Brief: Before copying, set aside the pictures; then restate exactly the lines from the one with "with Wooden Frame" through the last line of the records.

[Crawled caption data]
========

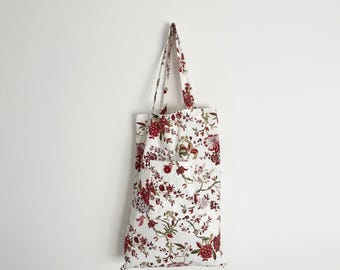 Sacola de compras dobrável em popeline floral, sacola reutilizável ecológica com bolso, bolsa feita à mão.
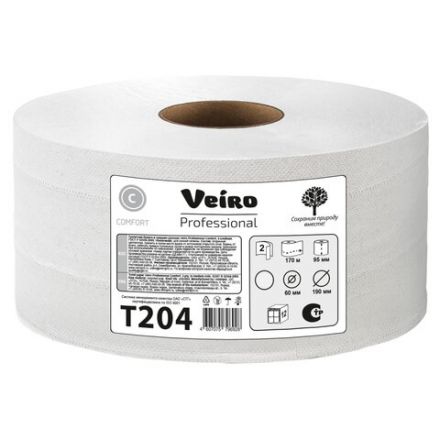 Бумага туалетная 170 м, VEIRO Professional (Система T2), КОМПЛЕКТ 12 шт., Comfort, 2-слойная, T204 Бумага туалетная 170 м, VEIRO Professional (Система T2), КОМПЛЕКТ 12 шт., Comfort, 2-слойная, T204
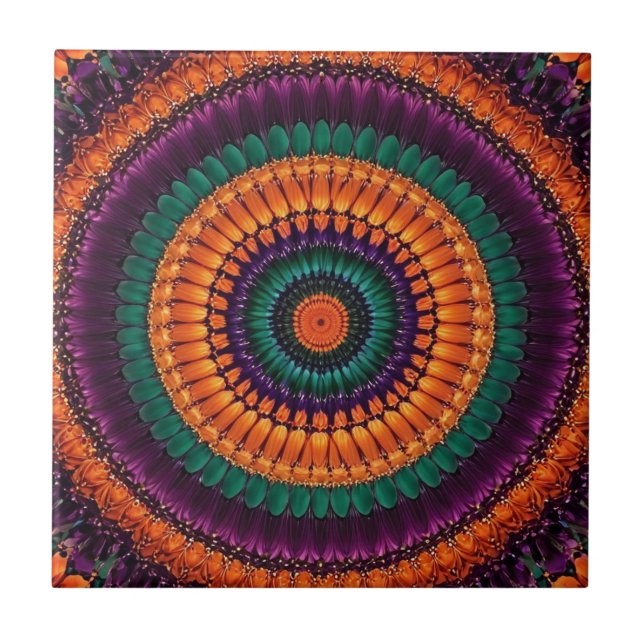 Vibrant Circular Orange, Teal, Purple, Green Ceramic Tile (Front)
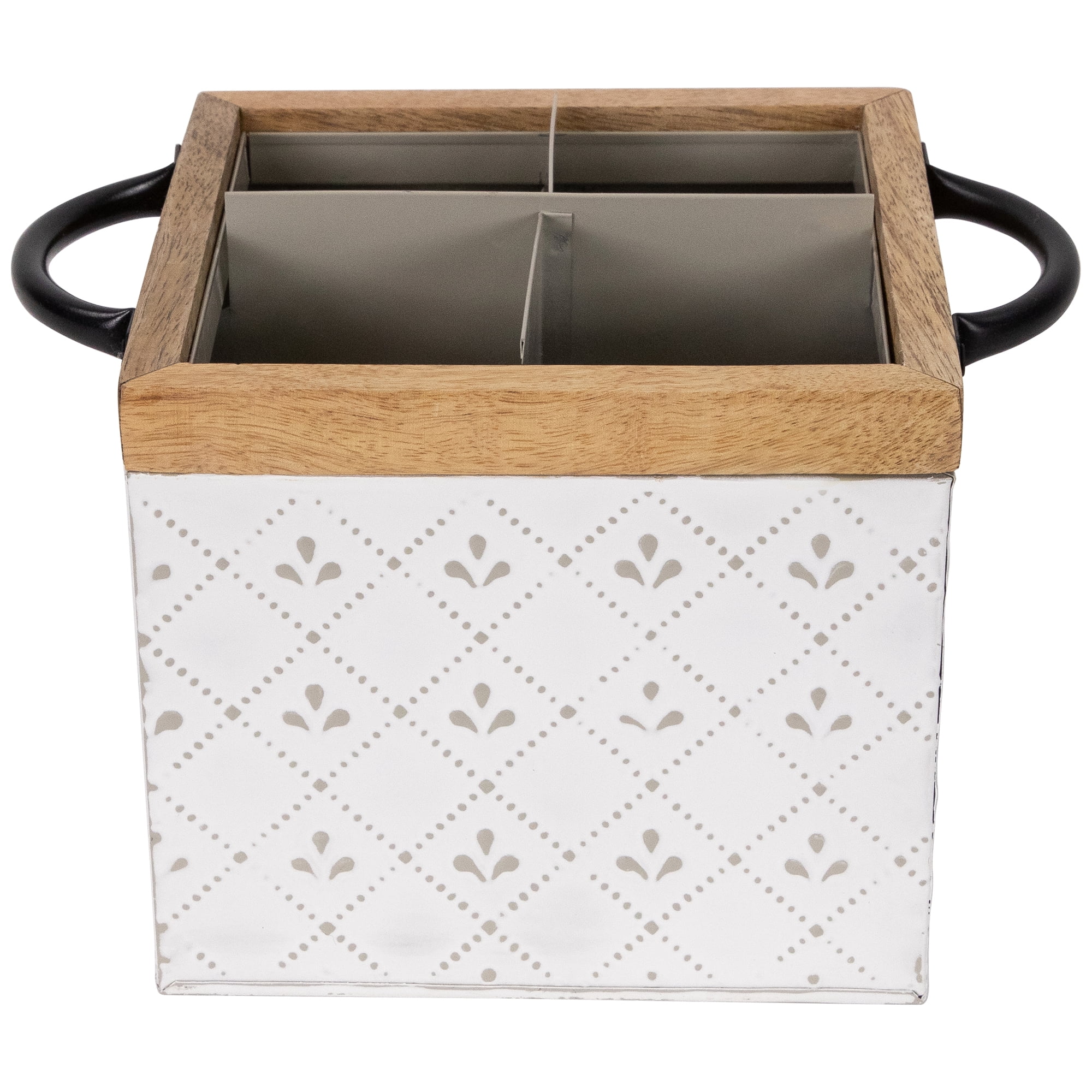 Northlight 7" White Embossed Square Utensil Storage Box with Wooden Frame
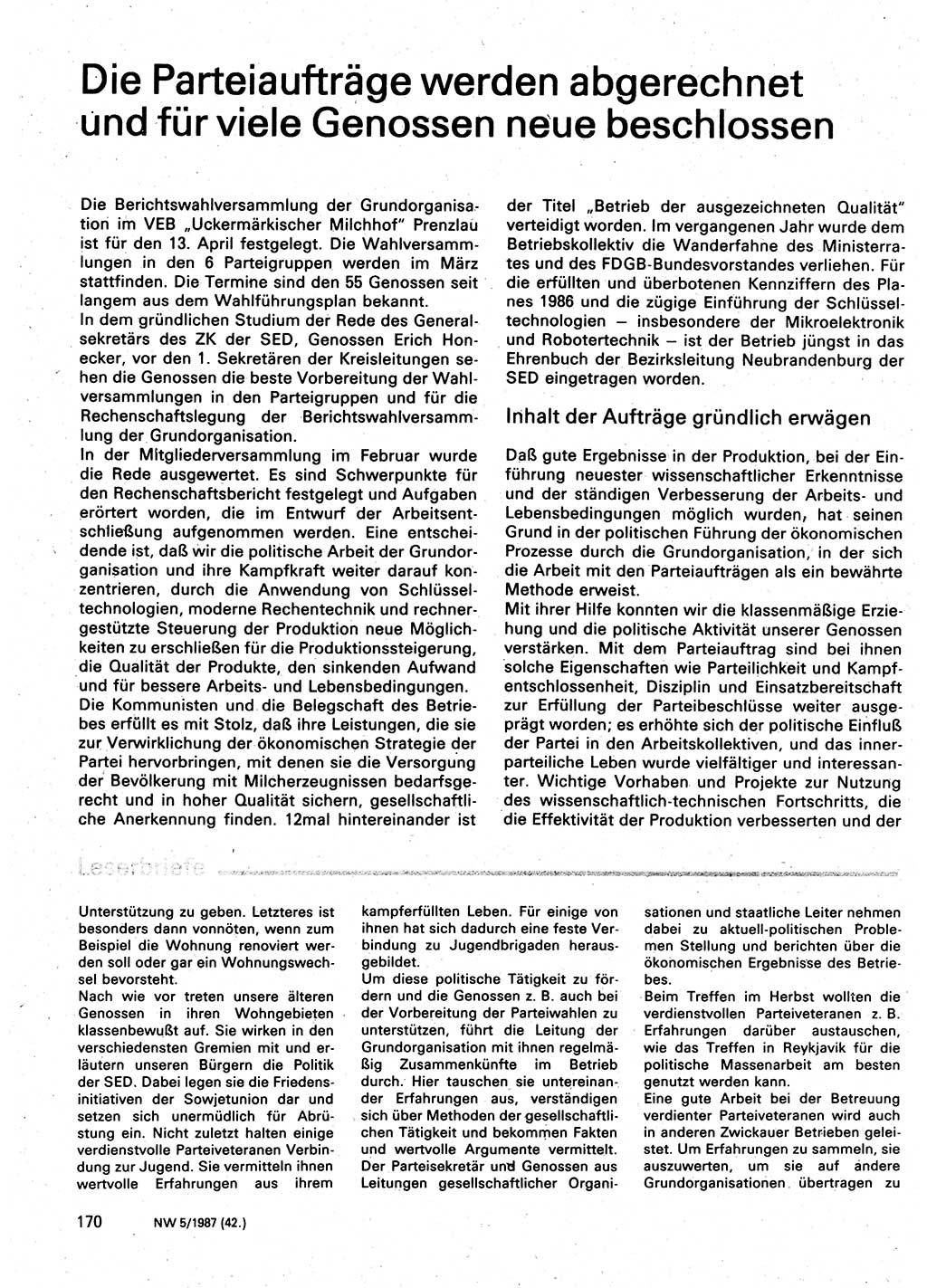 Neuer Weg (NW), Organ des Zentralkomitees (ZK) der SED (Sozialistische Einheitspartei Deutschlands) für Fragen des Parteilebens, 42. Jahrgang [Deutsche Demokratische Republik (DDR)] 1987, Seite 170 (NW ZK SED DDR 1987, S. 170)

========

Solution for this exercise:
 Northlight 7" White Embossed Square Utensil Storage Box with Wooden Frame
 Neuer Weg (NW), Organ des Zentralkomitees (ZK) der SED (Sozialistische Einheitspartei Deutschlands) für Fragen des Parteilebens, 42. Jahrgang [Deutsche Demokratische Republik (DDR)] 1987, Seite 170 (NW ZK SED DDR 1987, S. 170)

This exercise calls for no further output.